The National Biodiesel Board, one of the biofuels petitioners in the case challenging EPA’s failure to account for retroactive small refinery exemptions that undercut the annual volumes by 7% in 2019, expressed disappointment in the decision.
NBB Vice President for Federal Affairs Kurt Kovarik says the decision creates renewed uncertainty for the industry because it does not require EPA to account for retroactive exemptions. “Small refinery exemptions harm biodiesel and renewable diesel producers when they retroactively reduce demand for advanced biofuels,” he said. “On behalf of NBB’s members, I call on EPA to quickly issue the 2021 and 2022 RFS rules, provide a strong signal of growth for advanced biofuels like biodiesel and renewable diesel, and fully account for any small refinery exemptions it plans to grant—as it has already done in the 2020 RFS rule.”
Renewable Fuels Association President and CEO Geoff Cooper said they welcome the decision because of its outright rejection of arguments from oil refiners. “RFA was pleased to see the court methodically reject the refiners’ claims one by one, and this ruling should dispel the myth—once and for all—that the RFS somehow harms oil refiners.”

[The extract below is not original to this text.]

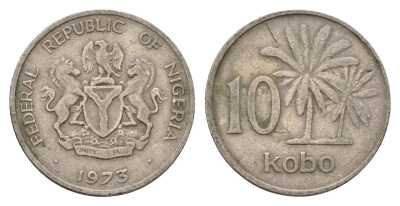 Нигерия 10 кобо 1973 пальмы KM 10.1 медно-никель 4673-1254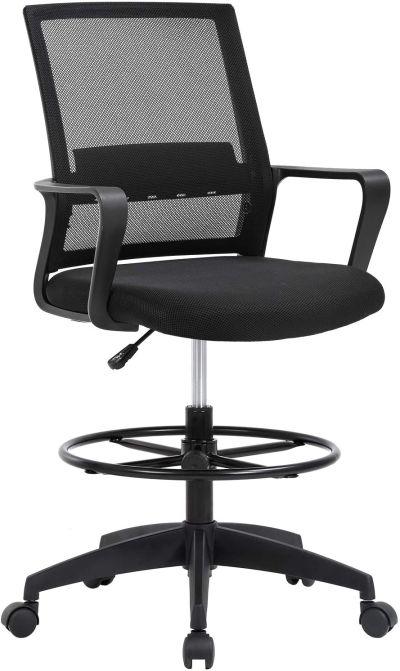 Drafting Chair Tall Office Chair Adjustable Height with Lumbar Support Arms Footrest Mid Back Desk Chair Swivel Rolling Mesh Computer Chair for Adults Standing Desk Drafting Stool Black With Insert-36"x5"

The court rebuffed the refiners’ argument that EPA should have waived the 2019 RFS requirements because East Coast refiners purportedly could not pass through their RFS compliance costs and thus experienced “severe economic harm.” According to the judges, “Obligated parties assert that the ‘pass-through’ theory is flawed and that RFS requirements impose severe economic consequences on refiners in the Eastern United States. We reject this challenge. EPA reasonably concluded that obligated parties had failed to make the strong causal showing required to trigger the waiver.” The court added, “It was reasonable for EPA to conclude that RFS costs alone were not the primary driver of the refineries’ economic difficulties.”
The decision also discards arguments from the refiners regarding the RFS point of obligation and treatment of exported renewable fuels.